• Problem
Going line by line through the records below, write out everything starting with the line containing "Chaqueta bomber negra" and going on through the line containing "Students observe the assembly", exactly and inclusively. Pictures do not go in.

────

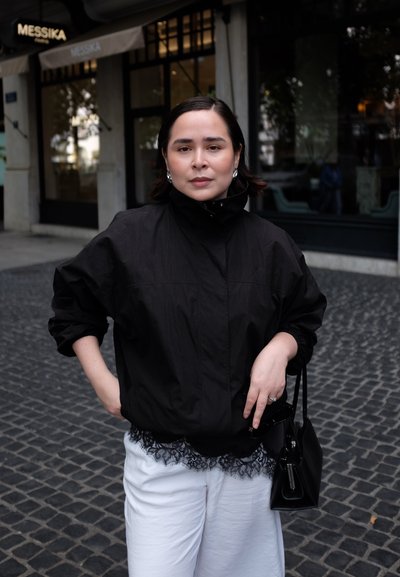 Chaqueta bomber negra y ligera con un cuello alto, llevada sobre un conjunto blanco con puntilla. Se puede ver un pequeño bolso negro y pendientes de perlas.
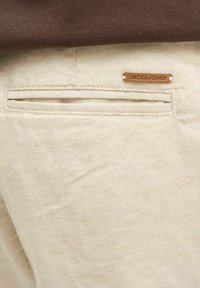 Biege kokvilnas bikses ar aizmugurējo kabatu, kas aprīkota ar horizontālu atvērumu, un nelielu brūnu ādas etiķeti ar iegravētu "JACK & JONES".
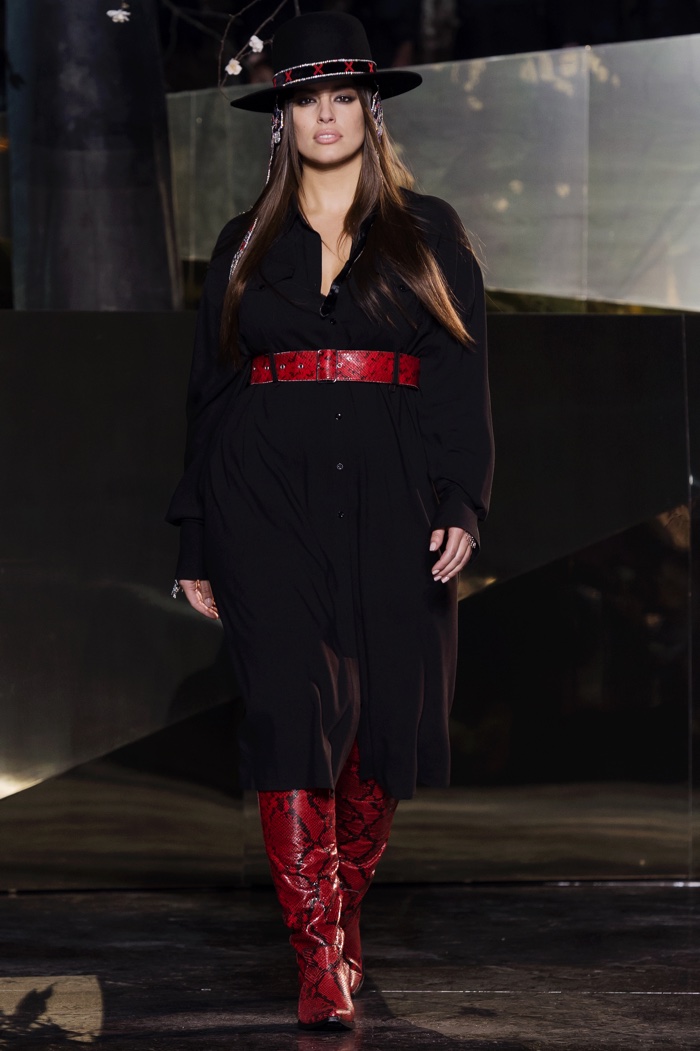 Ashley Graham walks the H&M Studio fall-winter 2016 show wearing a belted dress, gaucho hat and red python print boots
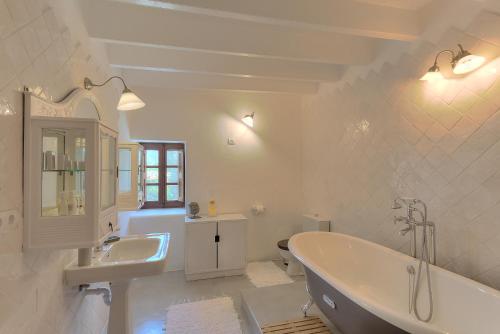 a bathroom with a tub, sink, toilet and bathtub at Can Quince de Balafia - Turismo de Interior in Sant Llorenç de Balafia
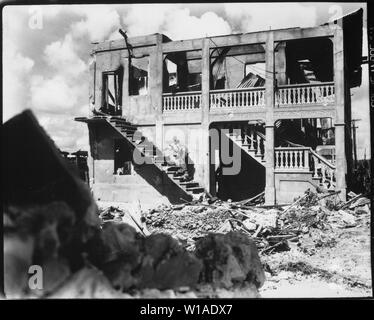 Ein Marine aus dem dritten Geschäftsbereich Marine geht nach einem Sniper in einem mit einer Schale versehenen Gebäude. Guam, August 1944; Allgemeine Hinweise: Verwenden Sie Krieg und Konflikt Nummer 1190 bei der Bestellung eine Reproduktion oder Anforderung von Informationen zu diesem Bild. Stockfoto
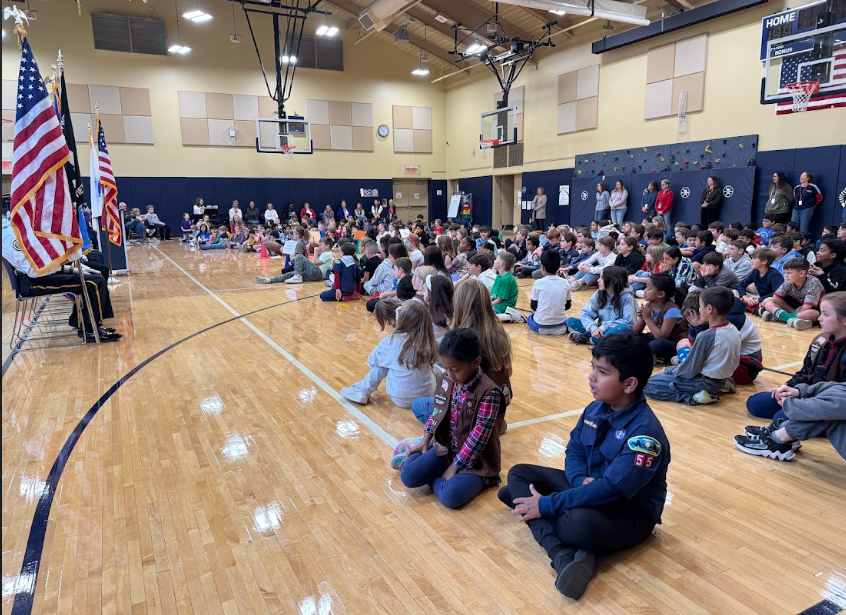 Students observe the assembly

────

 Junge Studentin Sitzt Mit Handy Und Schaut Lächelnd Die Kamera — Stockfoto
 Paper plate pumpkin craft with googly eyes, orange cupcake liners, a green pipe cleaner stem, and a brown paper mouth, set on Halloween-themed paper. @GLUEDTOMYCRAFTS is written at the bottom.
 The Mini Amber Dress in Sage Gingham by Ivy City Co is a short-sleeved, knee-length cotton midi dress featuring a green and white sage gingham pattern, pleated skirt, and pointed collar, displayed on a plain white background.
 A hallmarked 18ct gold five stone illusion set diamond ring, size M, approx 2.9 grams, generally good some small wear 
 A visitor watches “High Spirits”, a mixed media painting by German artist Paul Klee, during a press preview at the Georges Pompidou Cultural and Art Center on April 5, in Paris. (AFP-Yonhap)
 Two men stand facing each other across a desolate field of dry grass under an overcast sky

────

• Exercise output
 Chaqueta bomber negra y ligera con un cuello alto, llevada sobre un conjunto blanco con puntilla. Se puede ver un pequeño bolso negro y pendientes de perlas.
 Biege kokvilnas bikses ar aizmugurējo kabatu, kas aprīkota ar horizontālu atvērumu, un nelielu brūnu ādas etiķeti ar iegravētu "JACK & JONES".
 Ashley Graham walks the H&M Studio fall-winter 2016 show wearing a belted dress, gaucho hat and red python print boots
 a bathroom with a tub, sink, toilet and bathtub at Can Quince de Balafia - Turismo de Interior in Sant Llorenç de Balafia
 Ein Marine aus dem dritten Geschäftsbereich Marine geht nach einem Sniper in einem mit einer Schale versehenen Gebäude. Guam, August 1944; Allgemeine Hinweise: Verwenden Sie Krieg und Konflikt Nummer 1190 bei der Bestellung eine Reproduktion oder Anforderung von Informationen zu diesem Bild. Stockfoto
 Students observe the assembly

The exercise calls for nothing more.